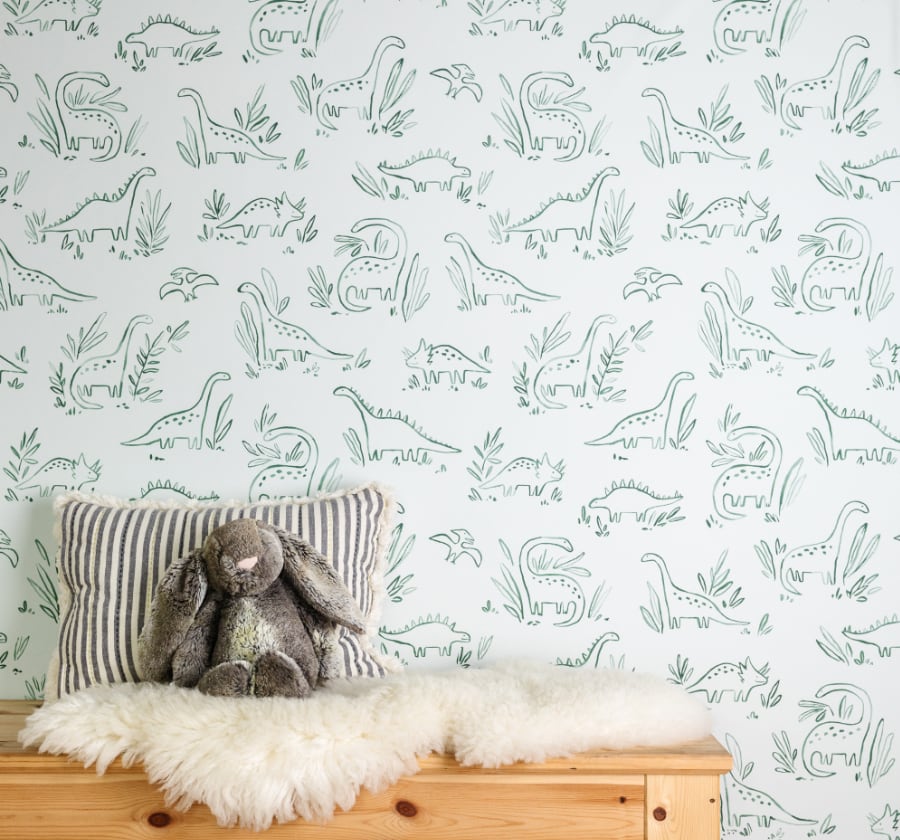 Image of Dinosaurs in Green Wallpaper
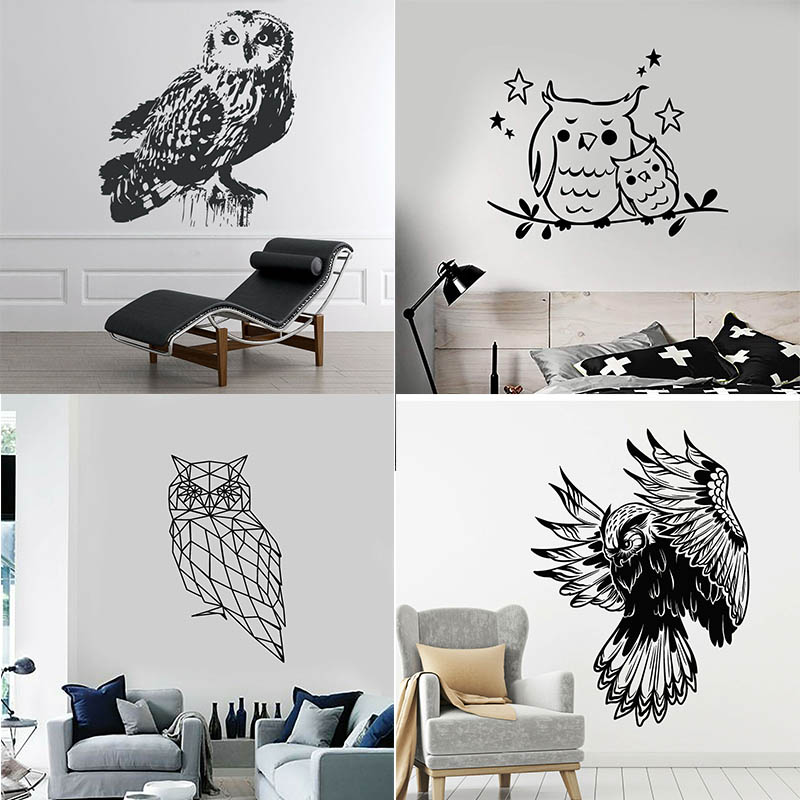 可爱猫头鹰儿童房贴纸装饰画
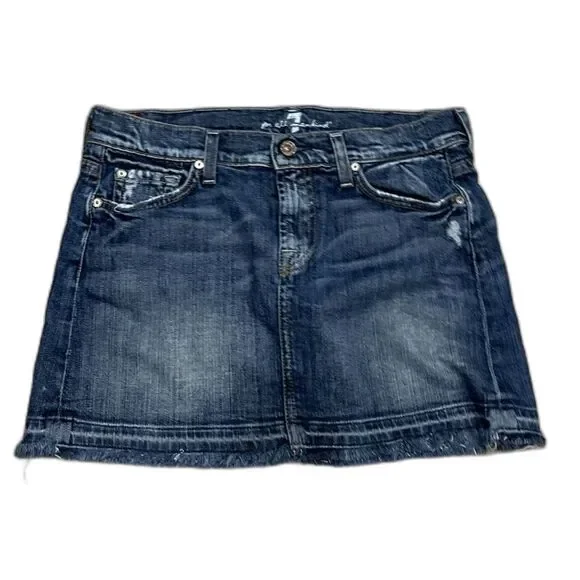 7 For All Mankind Raw Hem Jean Skirt - Size 28 - Picture 2 of 13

» YOUR GOAL
Because the copy must hold no pictures, return only the lines that run from the line containing "可爱猫头鹰儿童房贴纸装饰画" to the end of the data above, each exactly as it stands.

» ANSWER BELOW
 可爱猫头鹰儿童房贴纸装饰画
 7 For All Mankind Raw Hem Jean Skirt - Size 28 - Picture 2 of 13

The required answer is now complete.